▶ Problem to work on
When you write out the records, keep every word exact and drop the pictures.
-- -- --
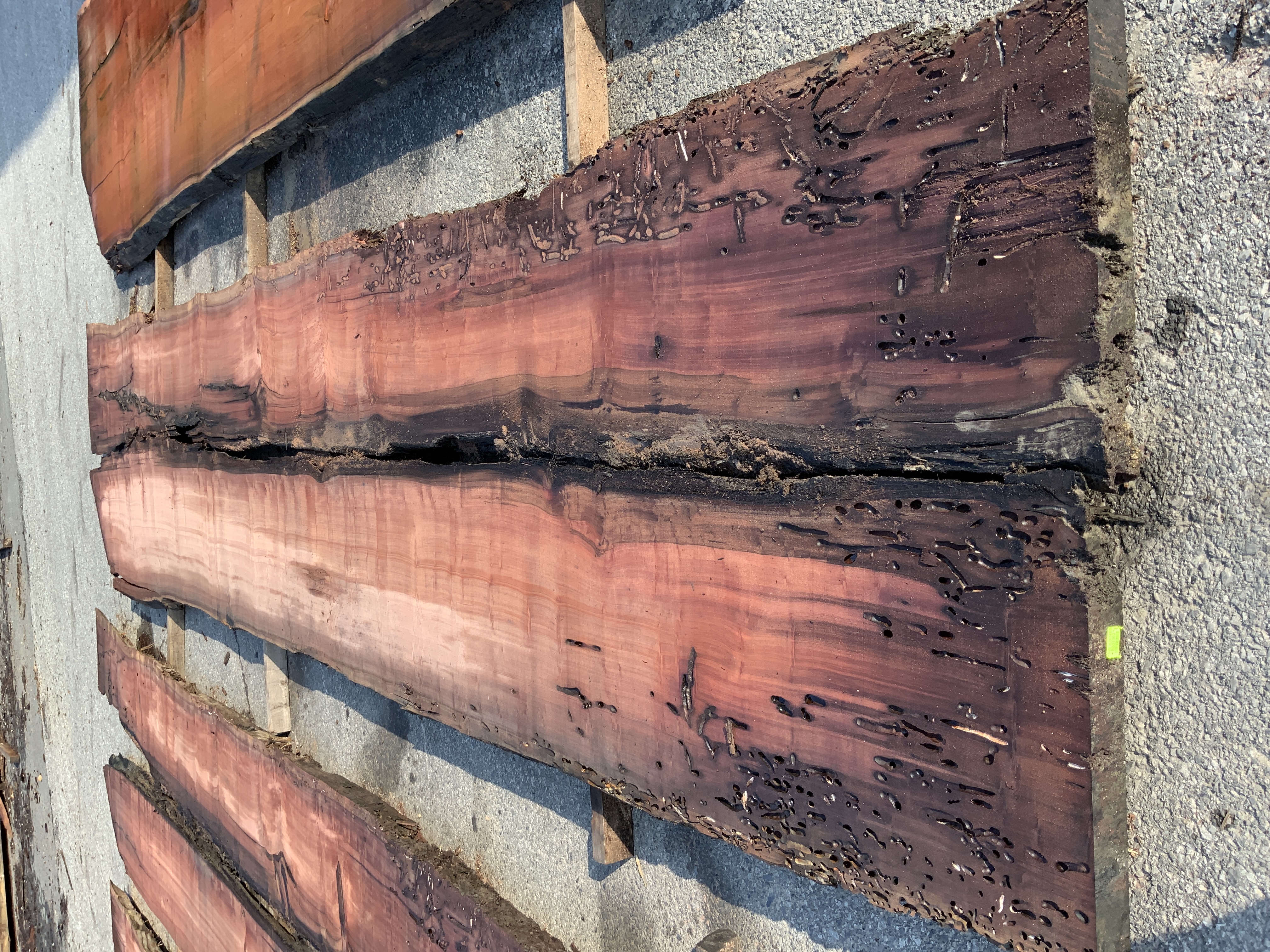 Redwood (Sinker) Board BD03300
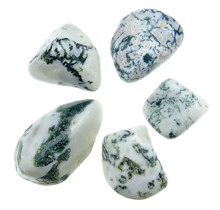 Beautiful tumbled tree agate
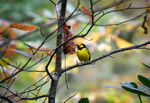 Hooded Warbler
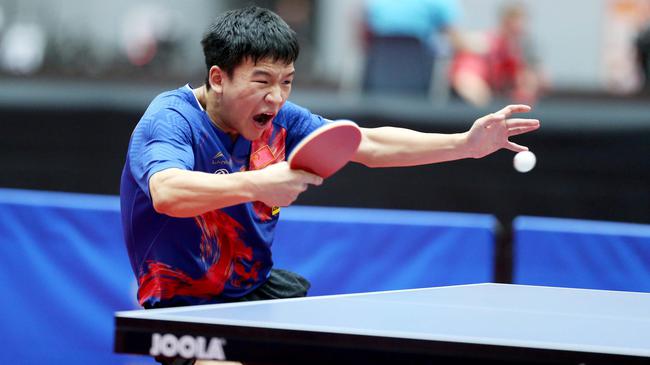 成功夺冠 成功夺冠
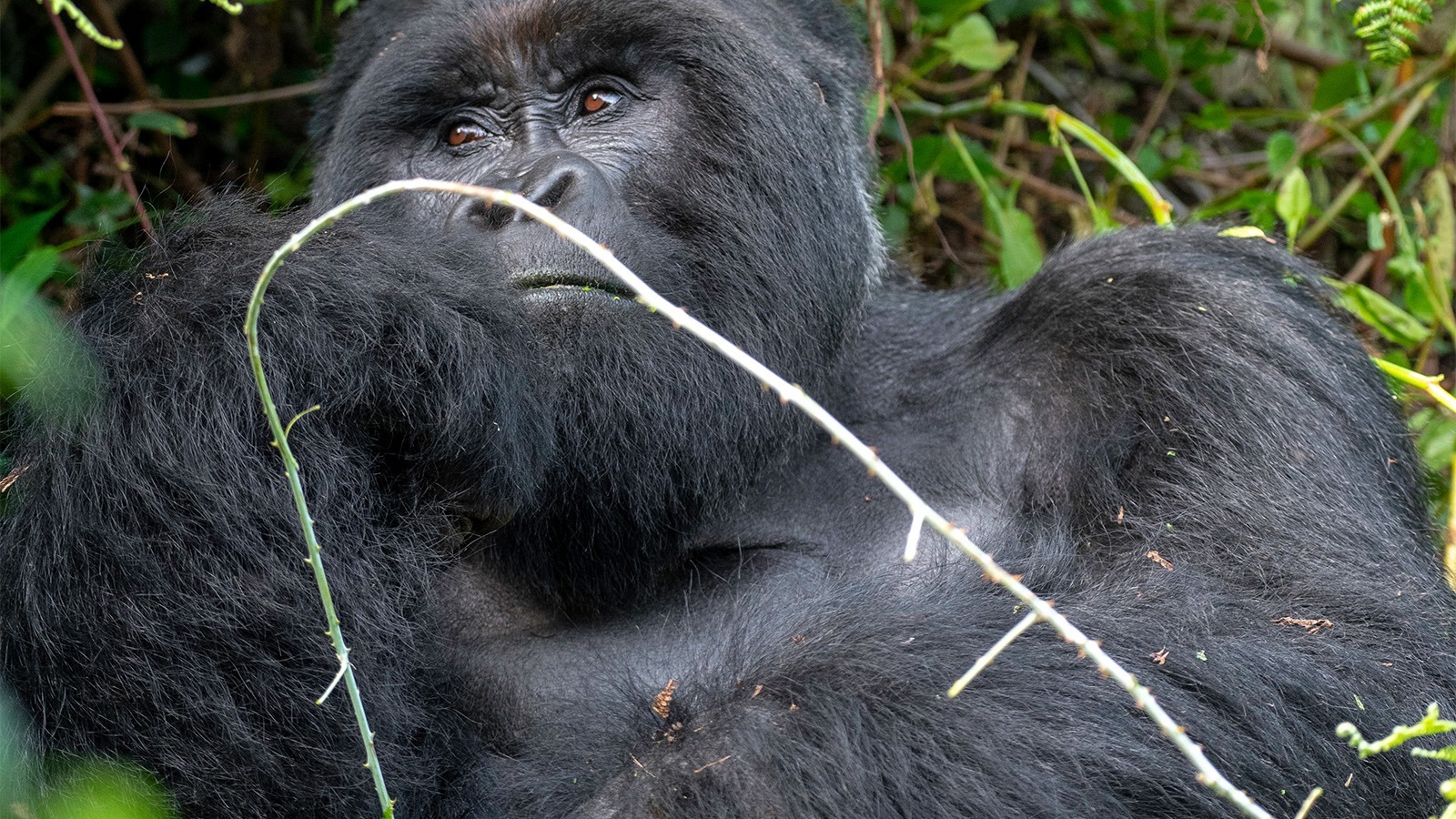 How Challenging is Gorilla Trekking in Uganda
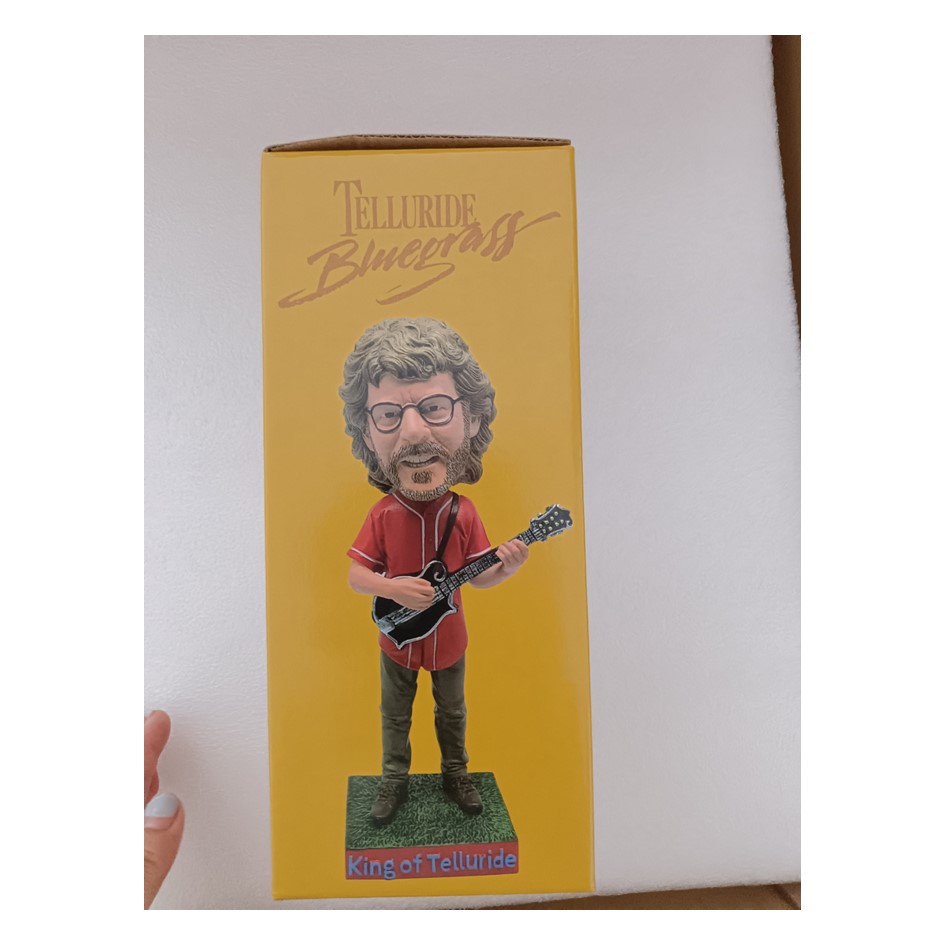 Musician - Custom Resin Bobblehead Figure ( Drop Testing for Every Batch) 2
-- -- --
▶ Result
 Redwood (Sinker) Board BD03300
 Beautiful tumbled tree agate
 Hooded Warbler
 成功夺冠 成功夺冠
 How Challenging is Gorilla Trekking in Uganda
 Musician - Custom Resin Bobblehead Figure ( Drop Testing for Every Batch) 2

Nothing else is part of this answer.